Now you notice now he's given the power of choice. God's not saying that I'm going to force you not to do it; He's saying you've got the power of choice, but that choice brings with it a consequence. It brings a consequence, so everyone has got the power of choice, but no one has the power over the consequences. You are already reaping today the consequences of yesterday's choices, so don't whine and complain about it and play the victim. Errr, not my fault! See, to win in life you have to take responsibility for your actions and choices. You've got to take responsibility, so here's the key principle here. You were created to take responsibility for yourself. You're created to take responsibility for yourself. You're made to be responsible for yourself. God intends you be responsible for yourself. Now of course a person who's very, very sick can only do limited things and needs someone to actually help and care for them.
A young baby can't take much responsibility. They don't have many privileges either, they're just there. They just get someone waiting on them, but eventually they should grow up and the design for parenting is - God's design is you teach your child that they have power to make choices, good and bad; there are consequences of a good and a bad choice, and they must be personally responsible for their choices. That's good stuff, good parental training. When you violate that and allow the child not to face and feel his consequences of bad choices, you then ruin the child because they're not learning a vital lesson for success in life, that if I choose good I'll get good results; if I choose bad I'll get bad results. They have to learn that and so that's one of the major functions of the parent in nurturing, bringing up a child is to teach them that they have power of making choices, good and bad, and the bad ones will always have bad consequences even if not immediately.

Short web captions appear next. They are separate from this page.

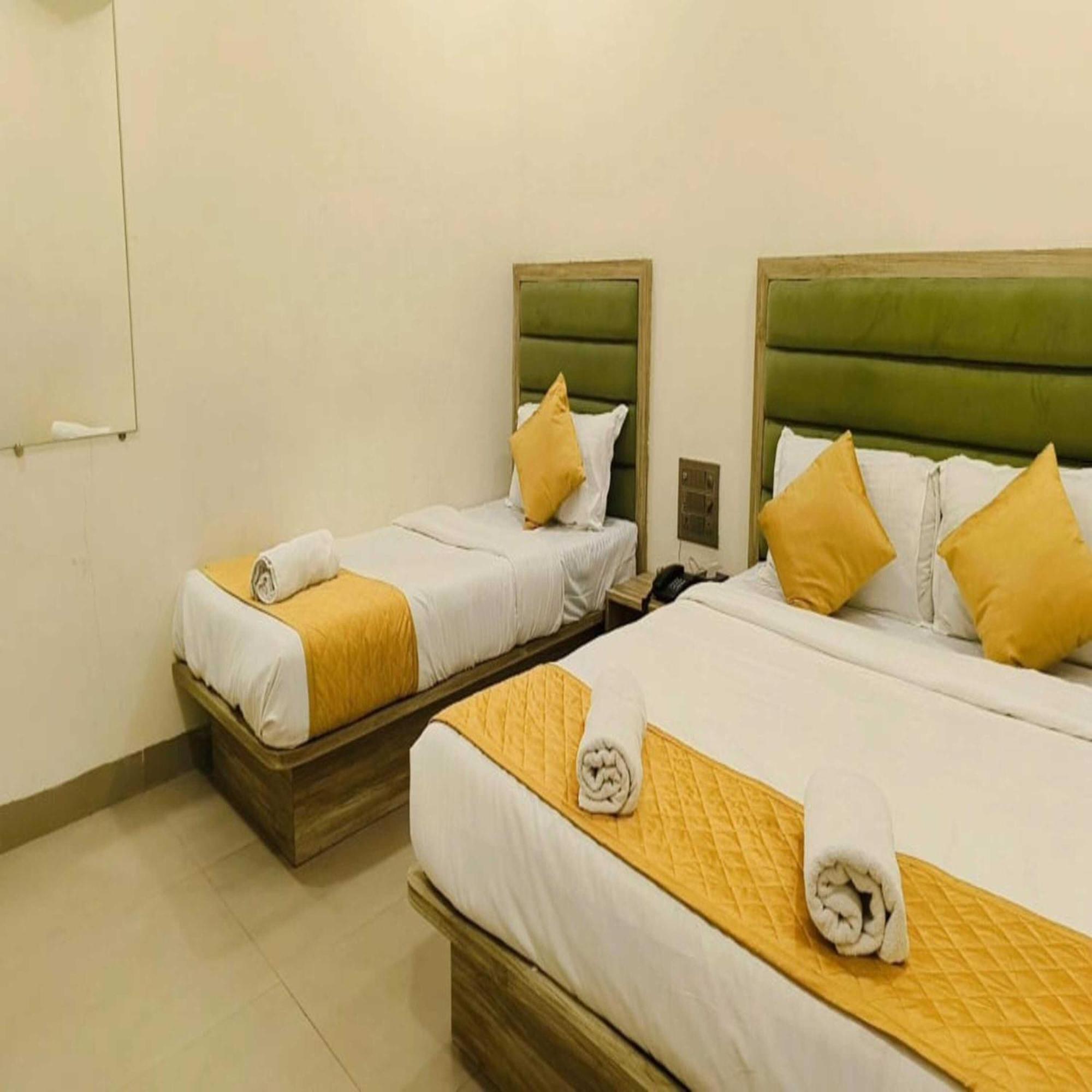Hotel Pride Suites - Kurla West Мумбаи Экстерьер фото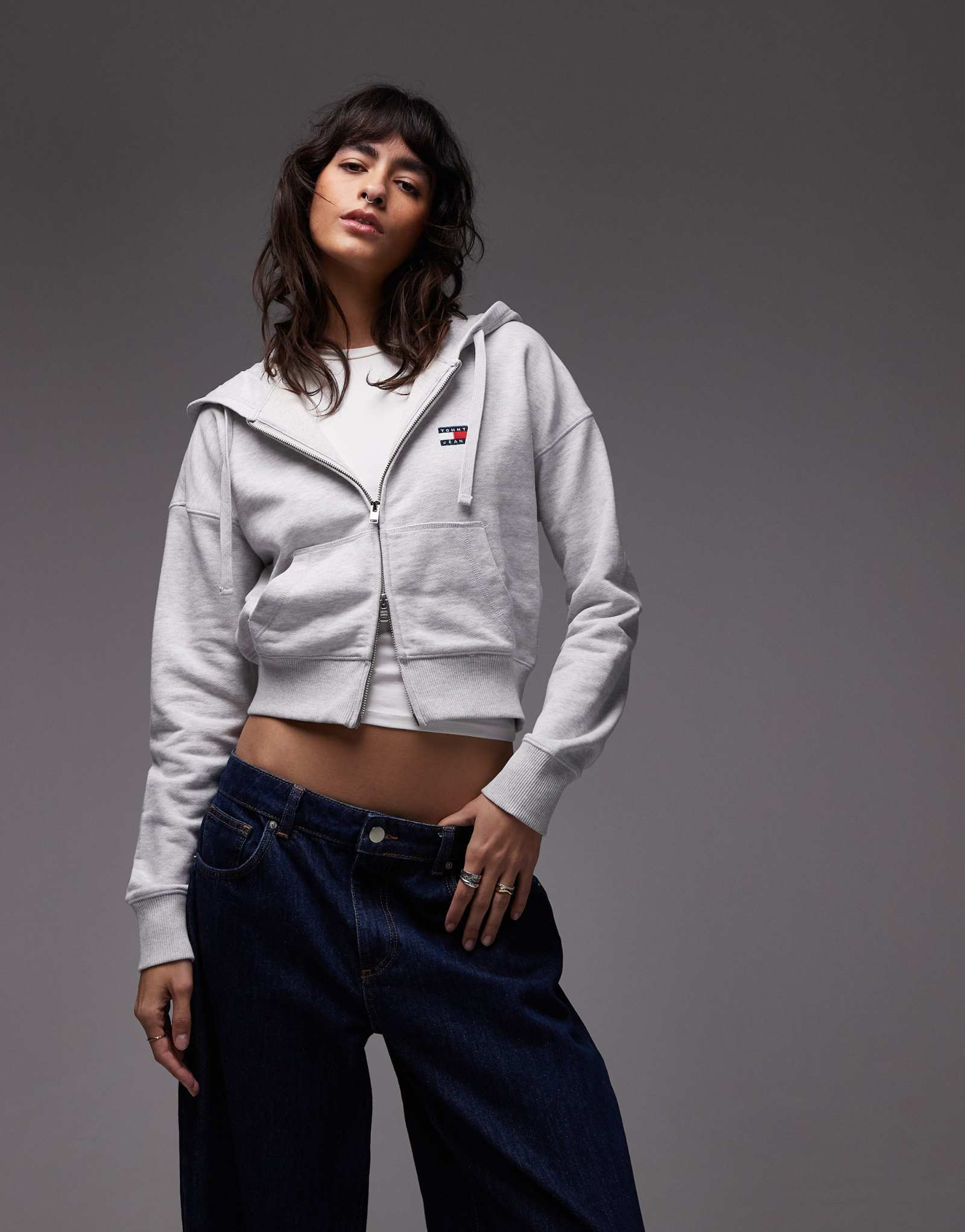 Облегающая толстовка на молнии Tommy Jeans серого цвета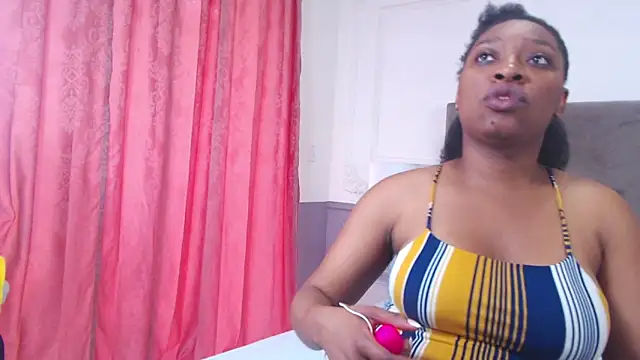 NatashaSilver online show from October 28, 2025, 1:10 pm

They have to learn that and so if a child does something bad and you don't hold them to account for their behaviour and have bad consequences, what happens is they never learn. You've rescued them and in rescuing the person you've taken away from them the learning opportunity they had. This is really important stuff. Think about this, you see? So you know, often a teenager, they're wanting all the privileges and your mother says, father says or whatever, your parents say well you've got to get these things done before you're allowed to go out tonight to that function. So you mess around, don't get them done and then there's this battle goes on; I want to go out! No, you can't, you haven't done - did we not say that if you got these done you could go and if you didn't get these done you couldn't go? Oh you're not fair! You're just so mean!
Now listen, that person is behaving like a child and the more they do it, then the younger they're getting all the way until there's no way you're going out! Such a child could never be allowed out like that on their own. Come on, think about it. So a teenager mostly is looking for freedom and privileges without responsibility. The parent's role is to help them become responsible and attach privileges to growing responsibility. Getting the idea? Well it's not all about that. I want to get you out of a victim mode first of all so you stop blaming everyone okay? [Laughs] So you're responsible for some things. Your thoughts are your thoughts, don't blame me for how you think. Your feelings are your feelings, so don't shut them down, own them. Your choices are your choices, your words are your words; you made me so mad! No, I didn't make you mad. That's your stuff. Your feelings are your feelings!
Your actions are your actions. Your desires are your desires. Own them! Own them! Own them! They're part of who you are. You have to own them - so that's part of it. God's made you to become - He's called you to become responsible for the decisions and things that happen in your life, so you've got to do it. If you're going to win in life you've got to be responsible for your choices and your actions. It's the only way you can win in life. I read something the other day, look at this one. You'll love this. When rewards are handed out they belong to you, but when consequences arrive remember they weren't delivered to the wrong address. [Laughter] That's quite good isn't it aye? When consequences arrive remember they weren't delivered to the wrong address; it's not fair! Oh yeah, it's fair. They've just arrived. They had your name on it, had your name on it see?